Dammit - tried for a couple of hours yesterday to get the old stock group head gasket out of my Silvia V3. It is simply not having it.

Any tips of levering it out without damaging the brass that surrounds it? It bends, but doesn't break, and It's as stiff as a car tyre.

I've tried everything in my toolbox, even crochet hooks, guitar picks. No joy!


----------



## Skizz (Feb 10, 2020)

Not familiar with the Silvia but I had to drive a coarse threaded screw into the gasket on my Gaggia Classic and pull it out with pliers.

If you know how thick the gasket is supposed to be (check specs), deduct around 15-20% to allow for compression/shrinkage and then drive the screw into the middle of the most exposed bit of the gasket to 70% of that depth - you're leaving a safety margin and assuming a thinner gasket than when new as you want to avoid driving the screw into the bottom of the grouphead.

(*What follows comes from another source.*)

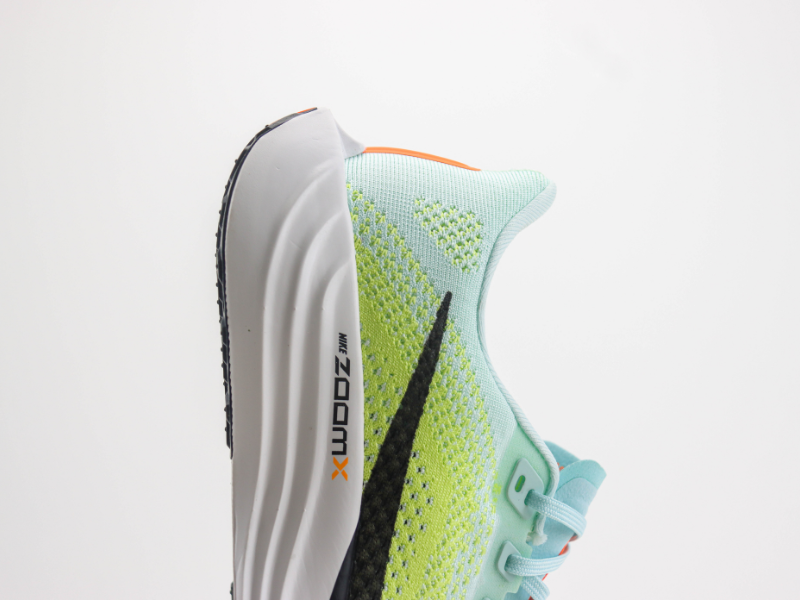 Pegasus Plus 'glacier blue'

Get some bull-nosed pliers on the screw and lever it out, but make sure you put something between the pliers and the edge of the grouphead to avoid marking it. If it's completely shagged it'll probably come out in bits but once the first chunks comes free the rest are a lot easier. This method came from others on this forum, with the calculations and padding thrown in by me because I'm a fussy sod.


----------